Less than half of the children in the Unrelated condition (n = 5) were able to answer more than 0.75 (6 out of 8) of memory trials correctly compared to 11 out of 12 children in the Story-schema condition, χ2(1, n = 24) = 4.11, p < 0.05. Like Experiment 1, these significant differences in memorization could be driving differences in generalization. An ANCOVA revealed that memory performance was not a significant covariate, F(1, 21) = 1.13, and training condition was a marginally significant factor, F(1, 21) = 4.23, p < 0.06, partial η2 = 0.16. The Schema-story training facilitated both children’s memorization of the initial instances and their generalization of the learned pattern.
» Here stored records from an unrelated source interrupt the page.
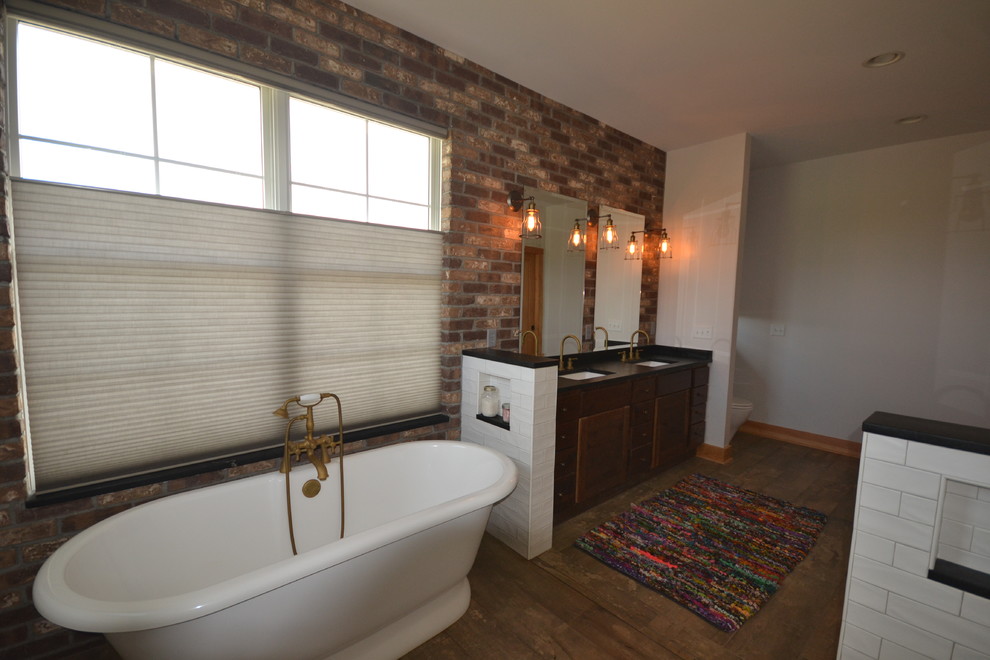 Freestanding bathtub - mid-sized transitional master dark wood floor and brown floor freestanding bathtub idea with flat-panel cabinets, dark wood cabinets, an undermount sink and solid surface countertops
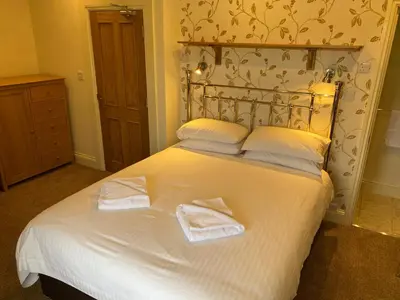a bedroom with a white bed with towels on it at Berkeley House in Keswick
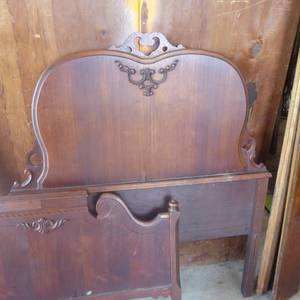 lot 24 image: Antique Black Walnut Twin Bed Set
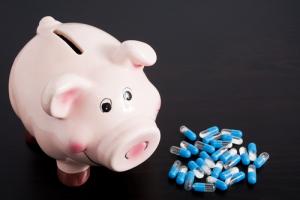Pills and piggybank image via Shutterstock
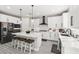 Well-equipped kitchen with white cabinets, black hardware, an island with seating, and stainless steel appliances at 10101 Heron Lake Ave, Las Vegas, NV 89178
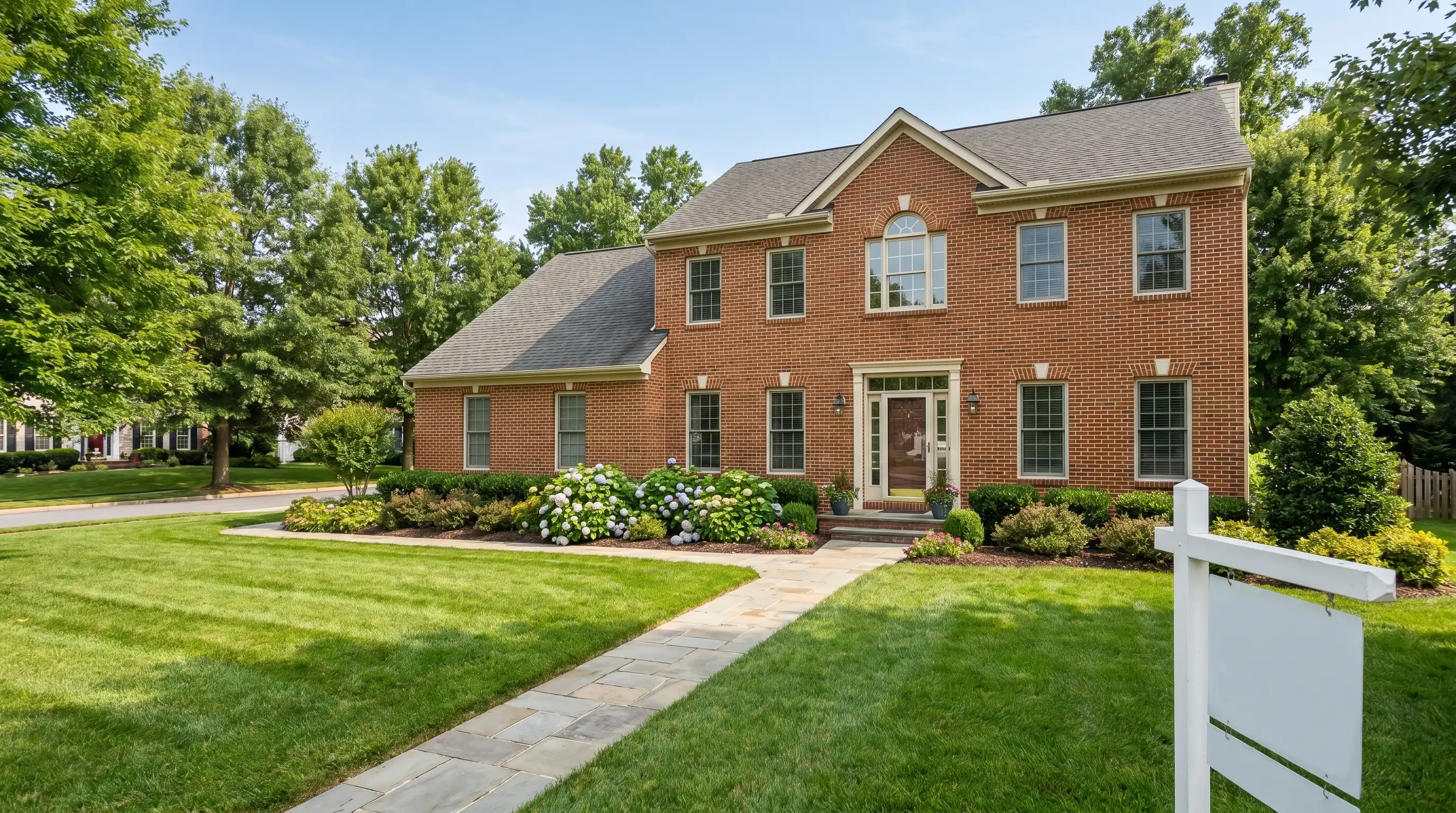Real estate agent showing a beautifully staged colonial home to a professional couple in a sun-filled modern kitchen in Frederick, MD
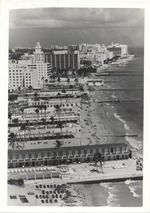 Beach and cabanas from Seventeenth to Nineteenth Street, with the Holiday Inn (under construction?), Roney Plaza, and Seville Hotel in the background
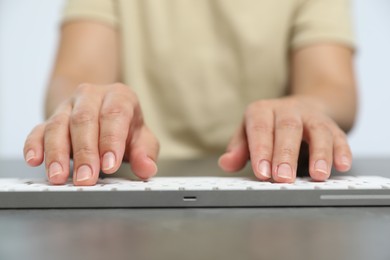 Photo of Woman typing on white wireless keyboard at grey table, closeup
The Schema-story apparently enabled these children to interpret the pictured events in new ways and to generalize those interpretations, a result that provides support for both the Schema Hypothesis and the Optimal Vagueness hypothesis. Children in the Schema-story condition were told how to interpret the cards rather than having to form an interpretation themselves (although applying this interpretation most likely did require some mental work) and they exhibited superior performance to children who simply received the labels. This result strongly suggests that the key is having an interpretation that makes sense. One of the difficulties for the Unrelated condition may be that it was too difficult to interpret a car–diamond–diamond scene as a “sharing” scene without some additional information. So, the insight of the Schema hypothesis still holds, that children need some background information (either from their own experiences or provided by an external source) to interpret a scene relationally. Although applying the given interpretation to the perceptual situation at hand may be slightly odd (diamonds sharing a car?), it may be that the oddness provides some opportunity for the child to work out how this perceptual situation instantiates sharing. Therein lies the contribution of the Optimal Vagueness hypothesis: perhaps to appropriately make use of a schema, the fit between the story and the situation may be better left vague and unexplained in order to promote interpretation and thus generalization. This experiment suggests that the benefit of work may not be the sheer effort exerted in finding an interpretation but simply the mental work of interpreting a scene, even if that interpretation is provided by someone else.

General Discussion

The studies in this paper used lexical generalization as a measure of how much young children represent the deep structural similarities present in an array when learning how words relate to these arrays. The key hypothesis was that words promote the discovery of relations by evoking well-known event structures, thereby relating this phenomena in relational reasoning to children’s flexible reasoning about well-known events. However, the key for relational generalization is to represent the relation in a variable-ized way such that very different kinds of entities can be seen as standing in the same relational role. This suggests that an event structure that fits too well with the depicted situation, with stereotypic entities in the relational roles, does not promote generalization. The present results provide support for both the Schema-evoking hypothesis and the Optimal Vagueness corollary. By using words and scenes that vaguely evoke event structures familiar to young children, label training boosted attention to relations and fostered relational generalization.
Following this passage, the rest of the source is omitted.